When the steam spews out, the manhole covers can reach temperatures hot enough to fry an egg. If someone touches it with their bare hands or feet, they’ll be scalded, Boyd said.
He recalled an incident three years ago when a couple and their toddler were jogging around Ben Hill Griffin stadium. The toddler tripped and put a hand out to catch himself – directly on a steaming cover, where his hand was burned.
It’s rare that accidents like that happen, Boyd said, but they are serious, and need a solution.
The current plan is to repair all 200 manholes on campus, he said. This has been the plan since 2014, but they only secured sufficient funds in 2019.
The manholes will be disassembled to repair leaks, and vents will be added to redirect rainwater from the hot pipes.
The process is time consuming and disruptive to campus activities, Boyd said. The hot water must be shut off for workers to get into the manholes, which means surrounding buildings will be without air-conditioning and humidity control for a time.

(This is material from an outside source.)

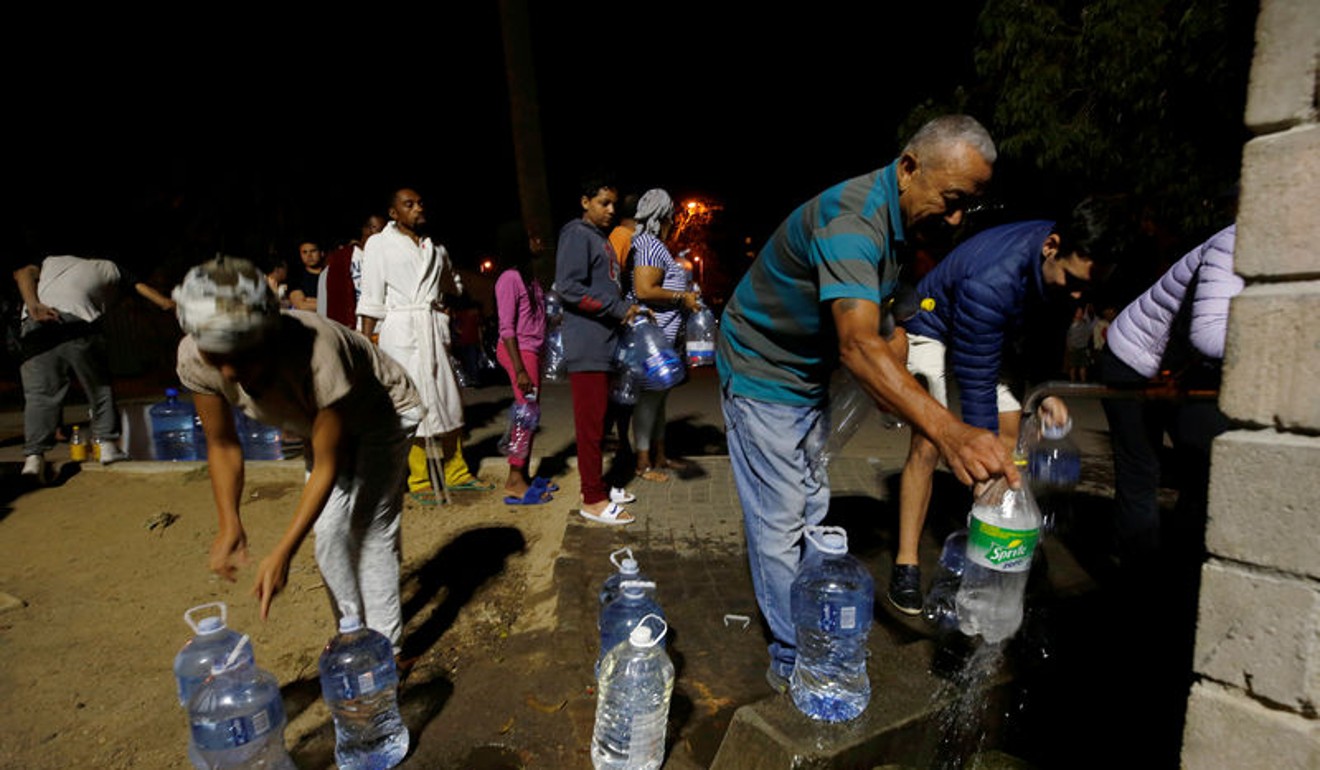 People queue to collect water from a spring in the Newlands suburb, as fears over the city's water crisis grow in Cape Town. Picture taken in January. Photo: Reuters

The repairs must take place over summer, when there are fewer students and faculty on campus, Boyd said.
Repairs began in Summer 2019. So far, only around 20 manholes have been repaired.
There is no projected end date for the repairs, Boyd said. If the facilities department continues to mend the manholes at a rate of 20 per summer, all should be repaired by 2028.
Until then, barriers and a painted warning will serve as a reminder to students to stay away.